18. Oktober 2008
by Ana Finel Honigman
ELEVEN 11 Eccleston Street September 18–October 18
Martha Parsey’s exhibition, titled “Solid Gold,” exposes chilling cracks in wealth’s cool gilded surfaces. The young Cologne-based British artist’s striking series of eight new paintings presents polished and pampered blond beauties floating through unfinished and abstracted interiors. As a follow-up to Parsey’s series “The Maids,” in which she painted petulant, coltish beauties isolated in sexless maids’ uniforms or grooming their passive mistresses, “Solid Gold” is more than mere illustration of “the other half.” Its beautiful and blessed young trophies have the immaculate icy allure, languid loveliness, and chiseled perfection of haute blonds spotted in countless luxury fashion spreads and at the exclusive events convened by the supposed upper echelons of society. Yet these privileged creatures do not seem pleased or satisfied in their rarefied, hermetic world.
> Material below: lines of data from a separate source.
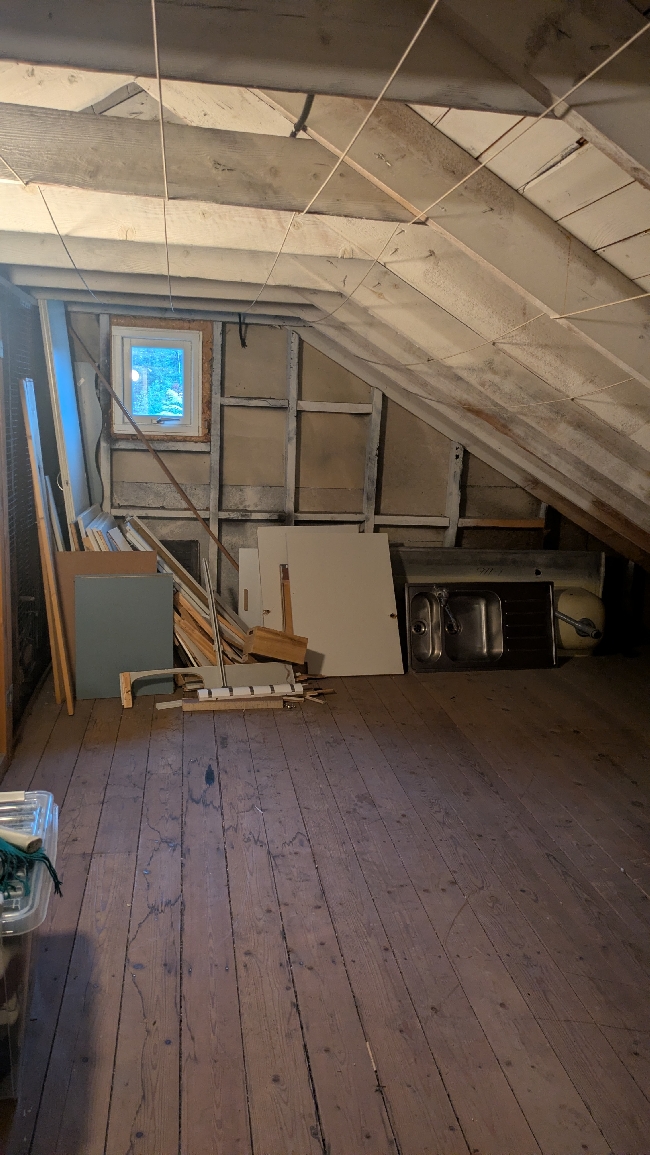 Bortkjøring av avfall etter oppussing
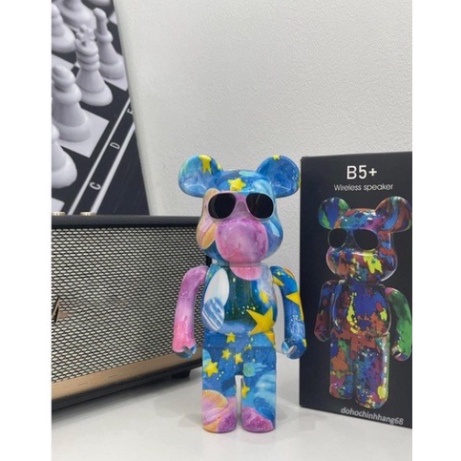 Loa Bluetooth Bearbrick gấu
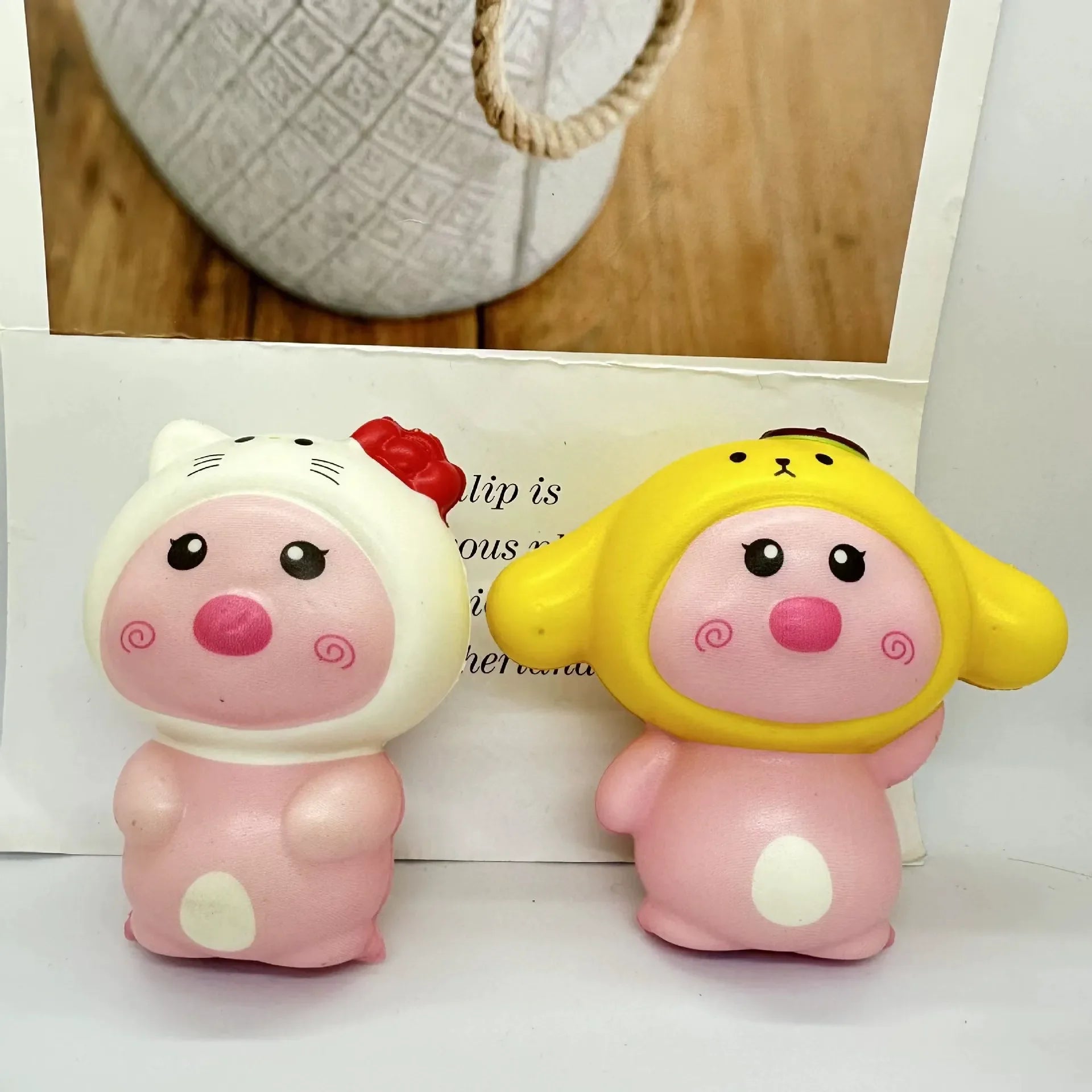 Loopy x Sanrio Soft Squishy Toy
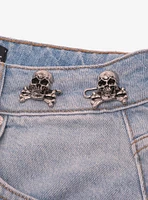 Skull & Crossbones Waist Pin Set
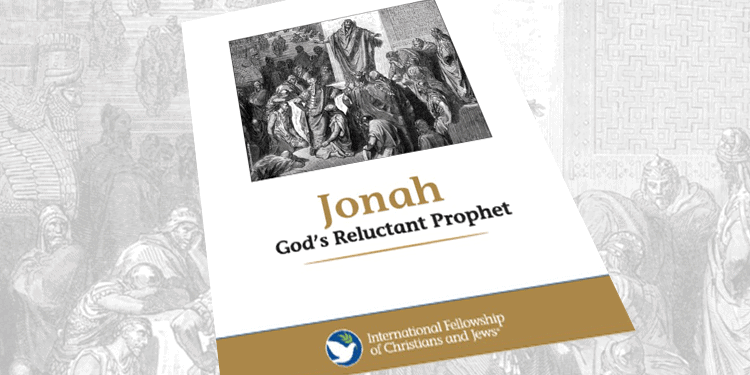 Cover of Jonah: God's Reluctant Prophet booklet cover.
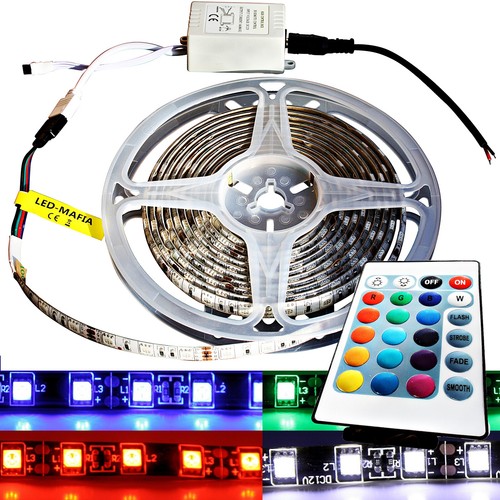 Rgb 12v led stripe - 12v,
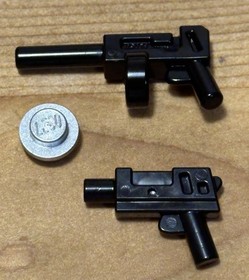 LEGO Two-Face Minifigure bat004 7781 BATMAN I 2006 Two Face's Escape w/ Coin+Gun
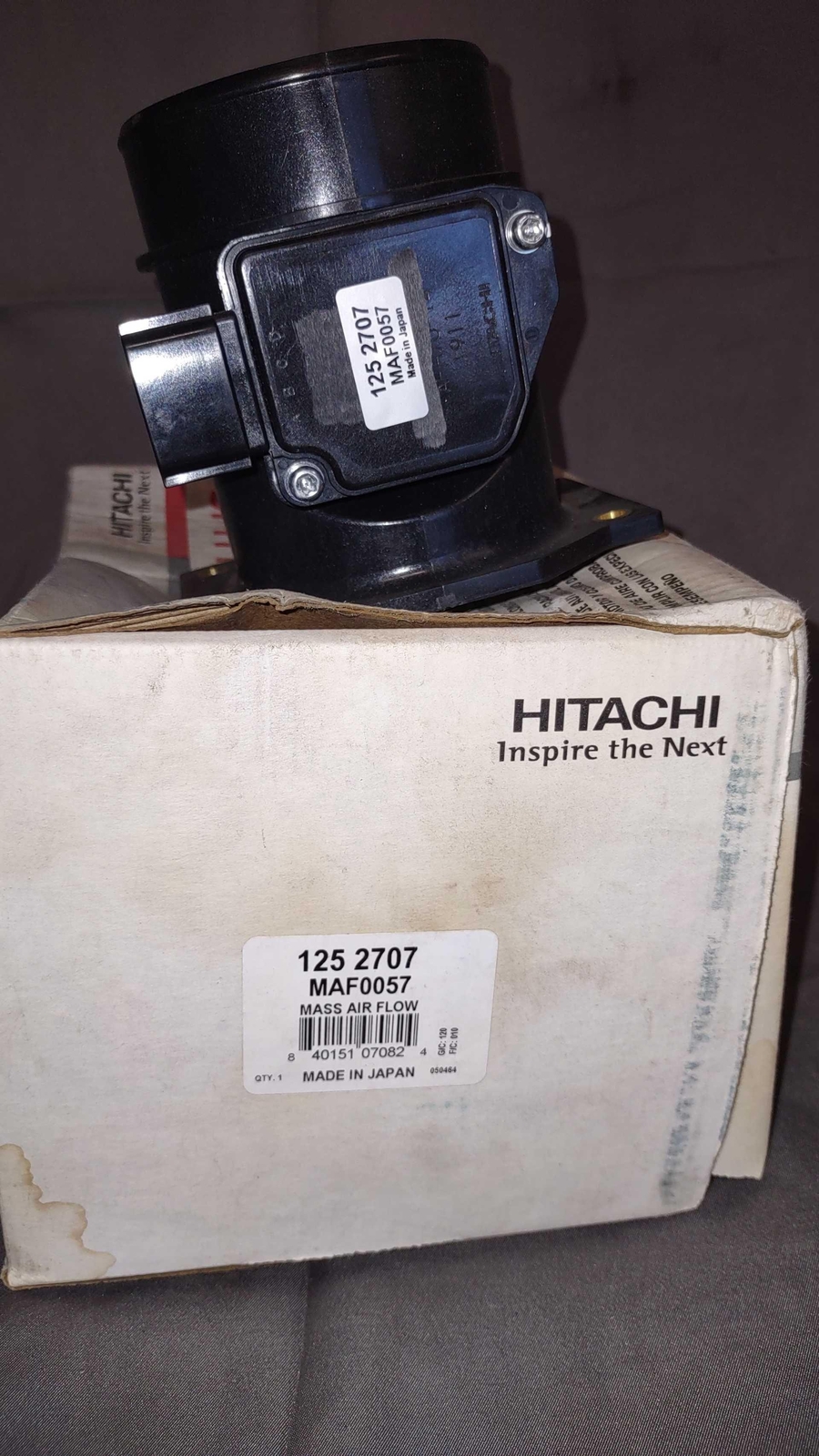 New Air Mass Sensor Hitachi MAF0057 1252707 AUDI R8 18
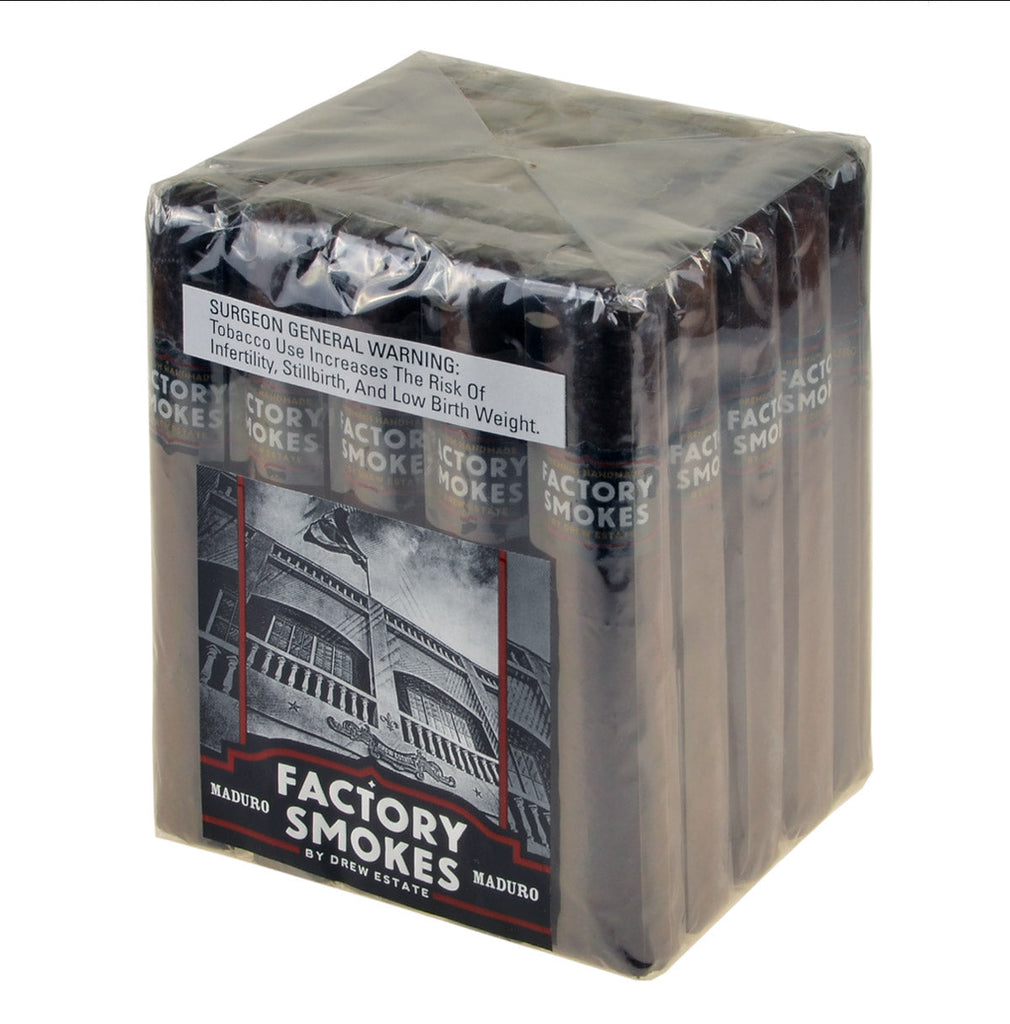 Factory Smokes Maduro Gordito Cigars Bundle of 25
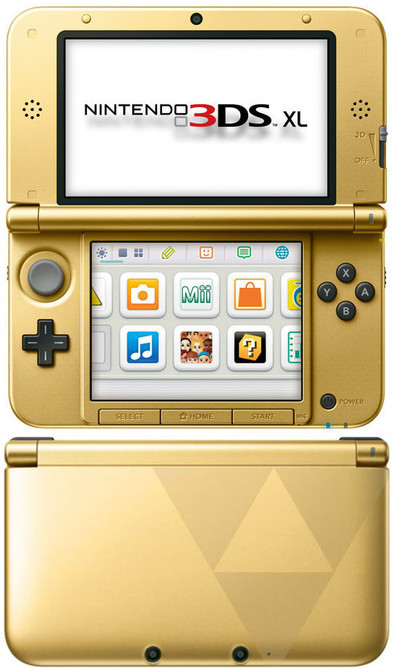 Nintendo 3DS XL Zelda Pack is nooit meer leverbaar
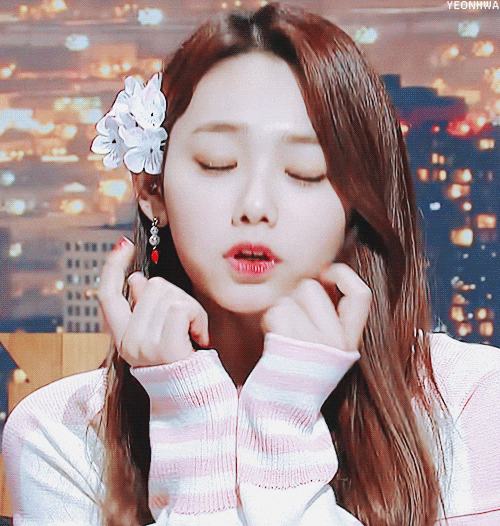 강미나 움짤 gif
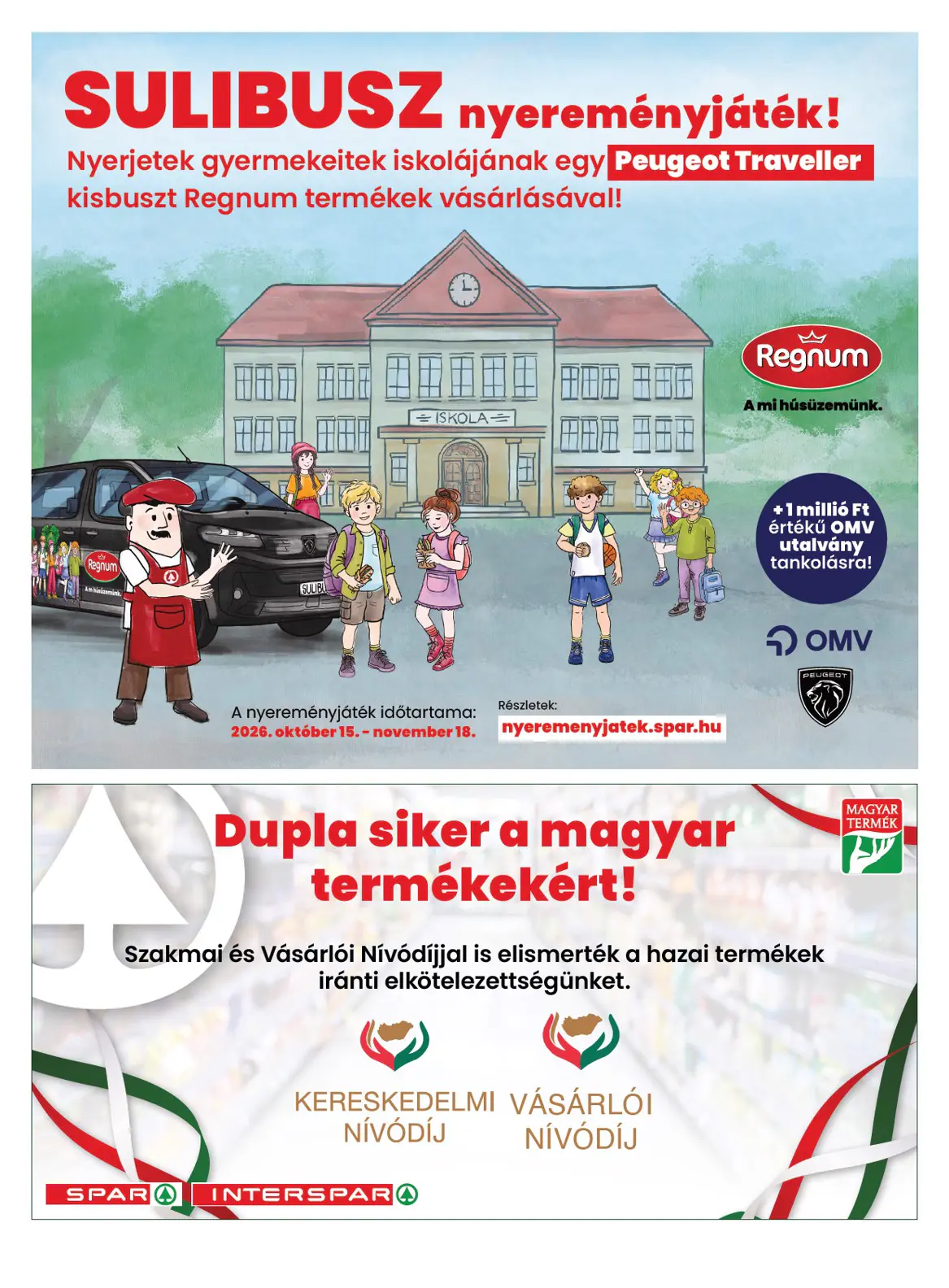 Spar szórólap, 44. oldal (okt. 22–28.)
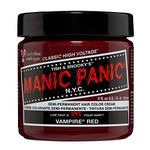 Manic Panic High Voltage Classic Cream Formula, Vampire Red, 0.118 kg 612600110326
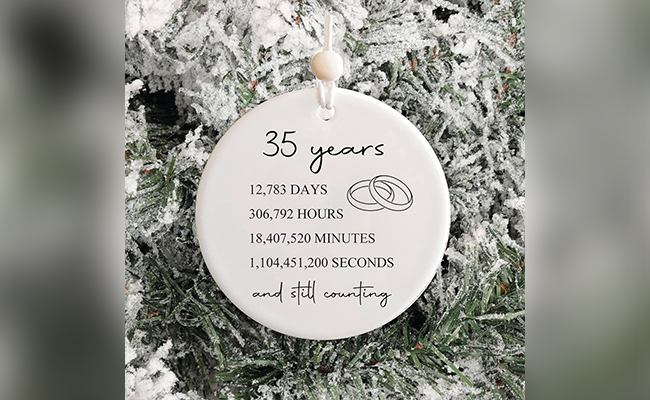 35th Anniversary Gift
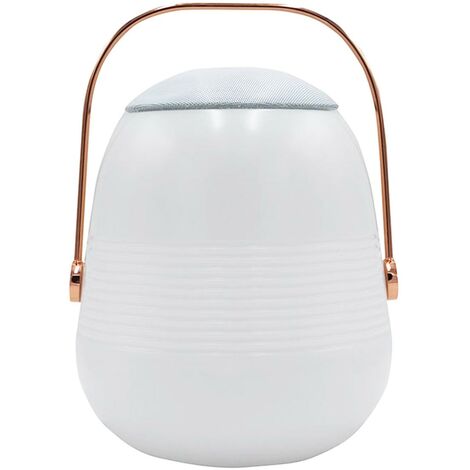 LAUTSPRECHERLAMPE kabellose bluetooth 10W BOB STATION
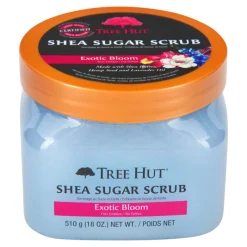 Exotic Bloom Shea Sugar Scrub Cuidado Ocasional|Hidratación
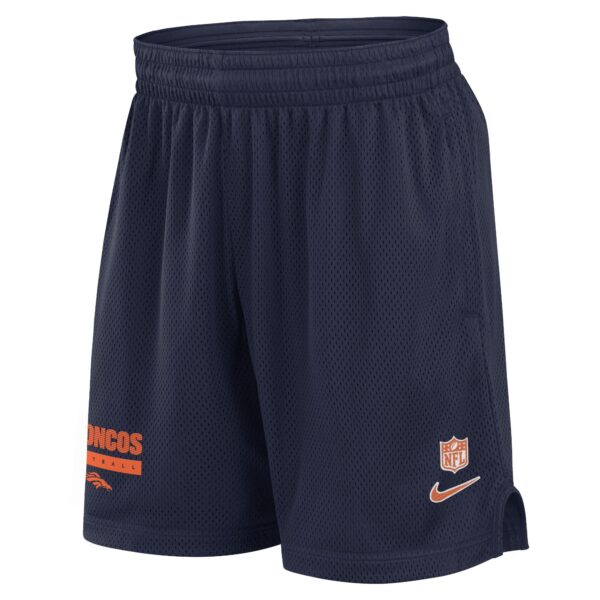 Denver Broncos Nike Dri-FIT Mesh Short - Mens - Image 2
Instead, they appear disconnected from their vague environments and, like the restless characters in Jean Renoir’s La Règle du Jeu (1939) or Sophia Coppola’s Marie Antoinette (2006), the expressions on their elegant ice-princess faces are vacant and slightly stunned. Under the gloss of shimmering, nearly transparent metallic color that Parsey delicately applies to their faces and bodies, these creatures radiate the warmth and flexibility of marble. But beating under the paintings’ placid surfaces is a disconcerting but unmistakable tattoo of impending class warfare. Its most overt signals are occasional aggressive, thick splashes of red-streaked white, pale yellow, or off-tan. The oil paint erupts from the raw canvas and catches on a woman’s body, fur coat, or dress, like globs of phlegm spat toward fragile, skittish, brittle contemporary aristocratic creatures.